Say, for $u>t$ we have a stochastic process given by :
$$ r_u=r_t + \int_t^u\theta_s ds+\sigma\int_t^udW_s, $$ where $W_t$ is a brownian motion, $\sigma$ is a constant and $\theta_t$ is some deterministic function.
I have solved for the following: $$ P(t,T)=\Bbb E[e^{-\int_t^Tr_udu}|\mathscr F_t]=\exp\left(~\frac{\sigma^2}{6}(T-t)^3-\int_t^T(T-s)\theta_sds-r_t(T-t)~\right). $$
I am trying to evaluate the following expectation though and finding it hard, not really sure how to treat the indicator function:
$$ \Bbb E[e^{-\int_t^Tr_udu}(P(T,S)-K)~ 1_{P(T,S)\ge K}~|\mathscr F_t]. $$ Where K is a constant. I break this down and get to a point where I need to solve two expectations, one of them is: $$ \Bbb E[e^{-\int_t^Sr_udu}~ 1_{P(T,S)\ge K}~|\mathscr F_t]. $$
How can I proceed from here? or how can I treat the indicator function?

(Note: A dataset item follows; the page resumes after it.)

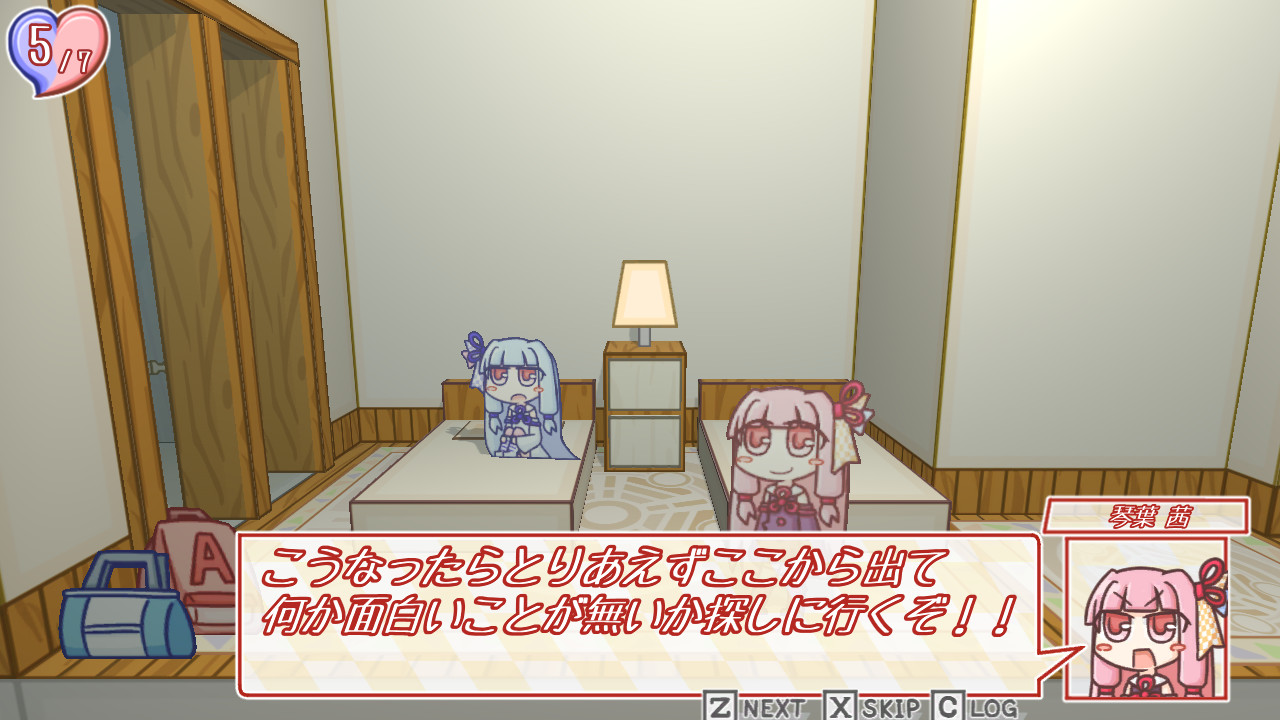 The Kotonoha Sisters and the Legend of Lysant Island - Screenshot 3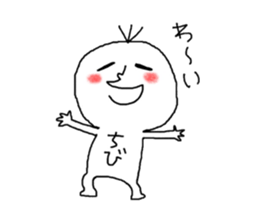 chibi!chibi!chibi!!! sticker #14820988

I give you a hint for the calculation of this expression (this doesn't fit into a comment) :
$$\Bbb E[e^{-\int_t^Sr_udu}~ 1_{P(T,S)\ge K}~|\mathscr F_t]$$
First see that $\Bbb E[e^{-\int_t^Sr_udu}~ 1_{P(T,S)\ge K}~|\mathscr F_t]=P(t,S).\Bbb E^S[1_{P(T,S)\ge K}~|\mathscr F_t]=P(t,S).\Bbb P^S(P(T,S)\ge K|\mathscr F_t)$ where $\Bbb E^S$ is the expectation under the S-forward measure.
Now check that the law of $P(T,S)$ under $\Bbb P^S$ is log normal. I leave you the tedious task to determine the mean and variance that will give you the final result.
Best regards